Source data:
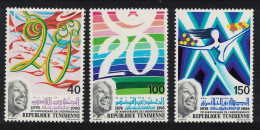 Tunisia 20th Anniversary Of Independence 3v 1976 MNH SG#857-859 Sc#675-677 - Tunesien (1956-...)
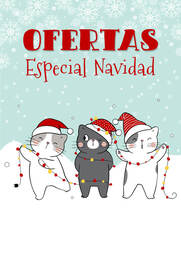 Cartel de ofertas especial Navidad imprimible gratis - CartelGratis.com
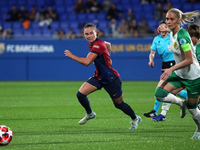 Ewa Pajor plays during the match between FC Barcelona Women and Hammarby IF Women, corresponding to week 2 of group D of the UEFA Women's Ch...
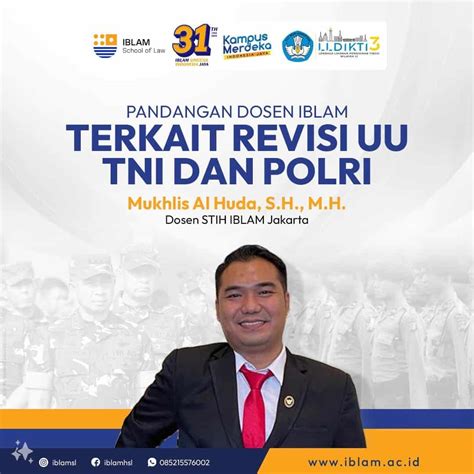 Pandangan Dosen Iblam Terkait Revisi Uu Tni Dan Polri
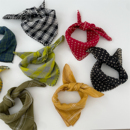 婴儿口水巾春夏宝宝帅气小方巾婴儿韩版洋气百搭凹造型领巾围巾潮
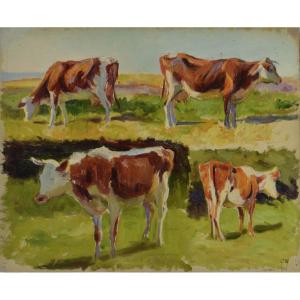 Charles Wislin 1852-1932. "cows."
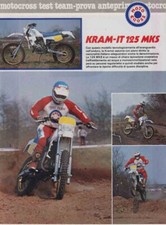 advertising Pubblicità TEST KRAM-IT  125 MKS .1982-MOTOITALIANE ENDURO EPOCA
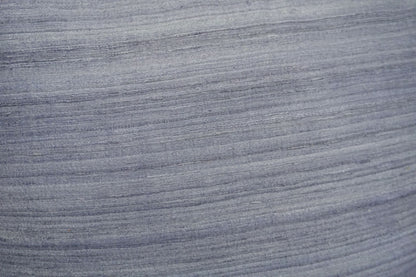 Raw Silk Throw Pillow 18" Gray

Task details: Give the data again word for word, without images.

Solution:
 Tunisia 20th Anniversary Of Independence 3v 1976 MNH SG#857-859 Sc#675-677 - Tunesien (1956-...)
 Cartel de ofertas especial Navidad imprimible gratis - CartelGratis.com
 Ewa Pajor plays during the match between FC Barcelona Women and Hammarby IF Women, corresponding to week 2 of group D of the UEFA Women's Ch...
 Pandangan Dosen Iblam Terkait Revisi Uu Tni Dan Polri
 婴儿口水巾春夏宝宝帅气小方巾婴儿韩版洋气百搭凹造型领巾围巾潮
 Charles Wislin 1852-1932. "cows."
 advertising Pubblicità TEST KRAM-IT  125 MKS .1982-MOTOITALIANE ENDURO EPOCA
 Raw Silk Throw Pillow 18" Gray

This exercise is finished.